In December 2008, Woodruff was driving her sister's car in Waterford, Michigan. The car was registered in Tennessee and insured under a Tennessee no-fault policy issued by State Farm to Woodruff's sister. While Woodruff was stopped at a traffic light, an unknown driver struck Woodruff's car in the rear and pushed it into another car. Woodruff testified at her deposition that a young man got out of the passenger side of the car that struck her and asked if she was okay. After the young man got back into the car, the driver turned around and drove away. Two witnesses followed the unknown driver's car as it left the scene of the accident. Police officers later discovered the car abandoned and identified the owner as Dequvae Rosan Abcumby.

Woodruff sustained various injuries in the accident, including injuries to her back and neck.
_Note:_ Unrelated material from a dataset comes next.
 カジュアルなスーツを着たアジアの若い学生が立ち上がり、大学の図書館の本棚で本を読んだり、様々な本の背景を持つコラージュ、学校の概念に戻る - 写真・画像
She later filed a claim for personal protection insurance—commonly referred to as PIP— benefits with State Farm. State Farm paid the PIP benefits to Woodruff.

In December 2011, Woodruff sued State Farm for uninsured motorist benefits. Woodruff alleged that she provided State Farm with adequate proofs that her injuries arose from an accident involving an uninsured motorist, but State Farm repeatedly refused to settle her claim. Woodruff asked for a judgment ordering State Farm to compensate her for her injuries consistent with the policy's uninsured motorist provision.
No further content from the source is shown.